Le système électoral régissant les élections du 23 septembre s'accompagne de nouvelles dispositions visant à renforcer l'intégrité et la transparence des opérations électorales, à durcir les conditions de candidature et à limiter les pratiques susceptibles de porter atteinte à la crédibilité du scrutin.
Ces nouveautés s’appuient sur un ensemble de mesures visant à assainir la vie politique et à rétablir la confiance entre les citoyens et les institutions élues, grâce à des règles plus strictes en matière d’éligibilité et d’infractions liées au scrutin.

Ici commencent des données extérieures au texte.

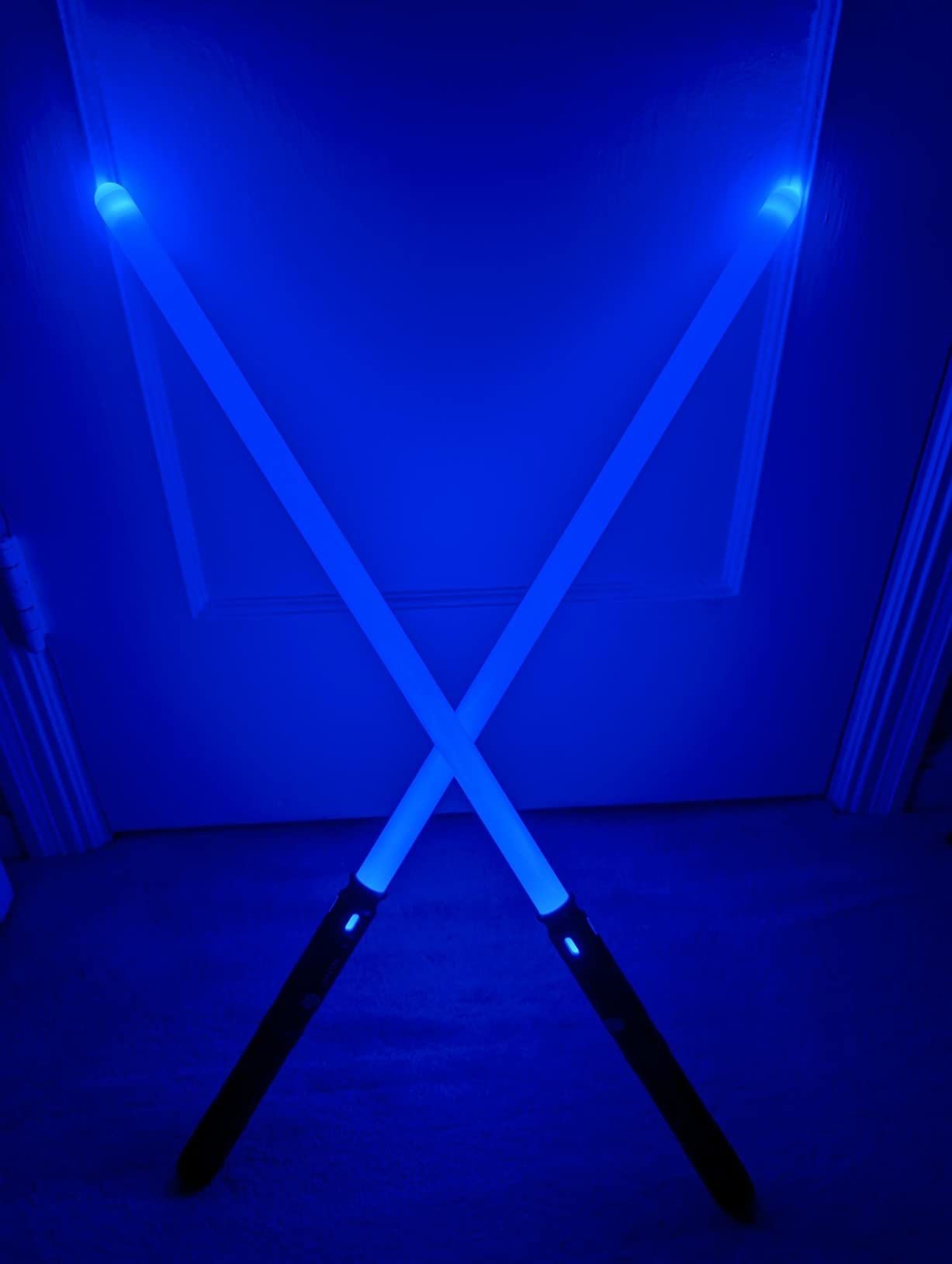 NEW Star Wars Lightsaber Metal Hilt FX 2 Pack, Battery Rechargable 2-in-1 Double-Bladed FX Dueling Light Saber !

Parmi les principales dispositions figure l’interdiction de se présenter aux élections pour les personnes prises en flagrant délit de crimes portant atteinte à l’honneur, à l’intégrité ou à la probité, ainsi que pour celles ayant commis des infractions susceptibles de compromettre l’intégrité du processus électoral.
La candidature peut également être rejetée ou annulée si la personne concernée est prise en flagrant délit après le dépôt de son dossier, tandis que les personnes faisant l’objet d’un jugement de première instance de condamnation pour des crimes perdent immédiatement leur droit de vote.
L'inéligibilité s'applique également aux personnes condamnées en appel à des peines entraînant la perte de la capacité électorale, dans le cadre du renforcement des conditions d'accès aux institutions élues.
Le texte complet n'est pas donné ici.